- Born: September 8, 1740 Pennsylvania
- Died: January 17, 1786 (aged 45) Cornwall, Pennsylvania
- Occupations: Businessman & Ironmaster
- Known for: Co-owner of Cornwall Ironworks and operator of Hopewell Forges
- Title: Colonel, 8th Lancaster Battalion
- Spouse: Mary Shippen Burd (married 1771 - died 1774)
- Partner: Susan Brandelbury (c. 1768) Hannah Bellarby Grubb (1774)
- Children: three sons, one daughter
- Parent(s): Peter Grubb, Martha Bates
- Relatives: Curtis Grubb (brother), Nathaniel Grubb (uncle)

= Peter Grubb Jr. =

American businessman (1740–1786)

Peter Grubb Jr. (September 8, 1740 – January 17, 1786), Patriot and second son of Peter and Martha Bates Grubb, was a second-generation member of the Grubb Family Iron Dynasty along with his older brother Curtis Grubb. They operated the Cornwall Ironworks, making significant contributions to the American Revolutionary War effort.

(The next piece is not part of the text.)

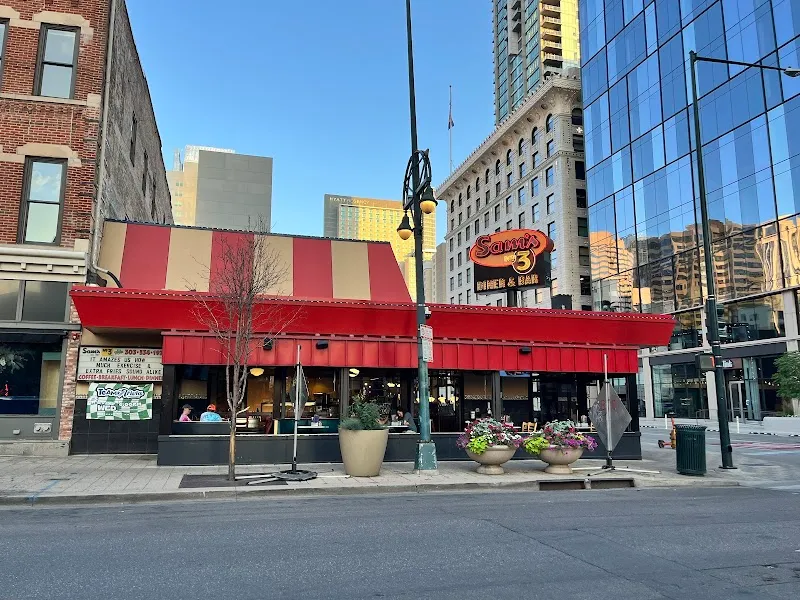 Sam's No 3 Breakfast & Brunch in Denver, CO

The brothers inherited the ironworks from their father in 1754, with Peter, as the youngest, receiving only a one-third interest. They took over operation of the ironworks about 1765 and expanded it successfully. Peter, who had more ironmaking experience, took over the nearby Hopewell Forges, making bar iron from pig iron produced by Curtis at Cornwall Furnace. They operated the business through and after the Revolution, becoming quite prosperous until they died, Peter in 1786 and Curtis in 1789.

Most of the Cornwall Ironworks fell out of family hands during the period 1783 - 1802, to Robert Coleman who became Pennsylvania's first millionaire. But a portion remained with Peter Jr.'s heirs, who added to it to become major Pennsylvania producers of iron in the mid-19th century, operating out of Mount Hope Estate.

== Patriotism ==

The Grubb brothers were major contributors to the Revolutionary War effort, their Cornwall Ironworks supplied cannon, ammunition, shot and saltpans (used to make salt from seawater) to the Colonial forces. George Washington personally visited Cornwall to inspect the facility. Both brothers were elected as militia colonels, Peter's unit was the 8th Lancaster Battalion and Curtis' was the 2nd Lancaster Battalion, both assigned to the Flying Camp.

== Business career ==

Peter and his brother took over the operation of the ironworks about 1765, with Peter operating the Hopewell Forges and Curtis the Cornwall Furnace. They were successful operators of the ironworks through the Revolution. They were, however, complex individuals whose affairs were closely intertwined and became increasingly acrimonious. Their ongoing feuds and legal entanglements led to the fragmentation of the ironwork's ownership and its eventual loss by the Grubb family into the hands of Robert Coleman, who used it to build his fortune.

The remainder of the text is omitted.